Republicans jumped into the center of the health care debate with a reform proposal called the Patients' Choice Act on May 20. Sens. Tom Coburn MD (R-Okla.) and Richard Burr (R-N.C.), and Reps. Paul Ryan (R-Wisc.) and Devin Nunes (R-Calif.) introduced the legislation, saying it "delivers on the shared principles of promoting universal access to quality, affordable health care, and does so without adding billions of dollars in new debt or taxes."
It comes as no surprise that the plan (click here for a summary) does not call for another public plan. It appears that it would take a swipe at traditional Medicare and further strengthen Medicare Advantage -- reversing the current course set for private plans and the Medicare population.
Aides for Senate Finance Committee Chairman Max Baucus released this statement attributed to the Montana Democrat: "I'm thrilled there is such broad support for health care reform. The Patients' Choice Act embraces several ideas that meet my goals of lowering health care costs and expanding access to health care. We clearly have shared objectives in increasing focus on prevention and wellness, creating insurance pools to lower costs, improving access to health care coverage, and preventing insurance companies from denying coverage to sick individuals. Where I part ways with this proposal is in eliminating the tax incentives for employer-provided health care benefits, which would destroy the employer-based health care system we have today. I want Americans to be able to keep the plan they have if the choose to do so, and eliminating those incentives could erode that choice.

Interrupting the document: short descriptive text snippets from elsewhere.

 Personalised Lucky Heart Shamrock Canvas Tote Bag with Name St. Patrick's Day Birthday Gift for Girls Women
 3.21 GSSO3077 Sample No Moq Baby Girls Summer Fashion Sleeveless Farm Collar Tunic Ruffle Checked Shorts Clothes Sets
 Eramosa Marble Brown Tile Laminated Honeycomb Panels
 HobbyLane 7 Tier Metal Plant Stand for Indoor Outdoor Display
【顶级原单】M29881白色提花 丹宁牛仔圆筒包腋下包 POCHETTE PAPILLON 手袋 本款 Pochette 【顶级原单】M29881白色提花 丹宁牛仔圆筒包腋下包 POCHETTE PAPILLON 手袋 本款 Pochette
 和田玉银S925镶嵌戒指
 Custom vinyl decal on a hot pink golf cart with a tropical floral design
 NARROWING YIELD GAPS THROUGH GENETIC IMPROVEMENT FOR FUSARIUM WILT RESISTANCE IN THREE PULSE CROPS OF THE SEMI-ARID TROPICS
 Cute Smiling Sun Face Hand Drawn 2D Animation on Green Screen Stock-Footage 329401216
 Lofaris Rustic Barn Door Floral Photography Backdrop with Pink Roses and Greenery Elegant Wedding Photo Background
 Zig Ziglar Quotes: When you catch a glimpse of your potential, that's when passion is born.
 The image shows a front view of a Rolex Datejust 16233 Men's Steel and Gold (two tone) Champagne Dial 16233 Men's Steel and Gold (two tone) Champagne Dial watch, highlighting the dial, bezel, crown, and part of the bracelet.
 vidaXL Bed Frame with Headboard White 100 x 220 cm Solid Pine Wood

But what's clear is that this bill recognizes the fundamental flaws that exist in our health care system and the urgent need to correct them. I look forward to working with my colleagues and considering their ideas as the health reform process moves forward."
Here are some Medicare-related highlights from the Dr. Coburn-Burr-Ryan-Nunes proposal:
Increase Choices for Seniors and Implement Fair Reimbursements for Private Plans
This Act implements a fair reimbursement mechanism for private plans providing health benefits to seniors. Rather than the current bureaucratic formula, which many contend wastes taxpayer dollars and lines the pockets of insurance executives, the Act would force plans to compete against each other. Competitive bidding would allow the market to set reimbursement rates to plans. The Congressional Budget Office has estimated this may save taxpayers as much at $158 billion, if implemented correctly.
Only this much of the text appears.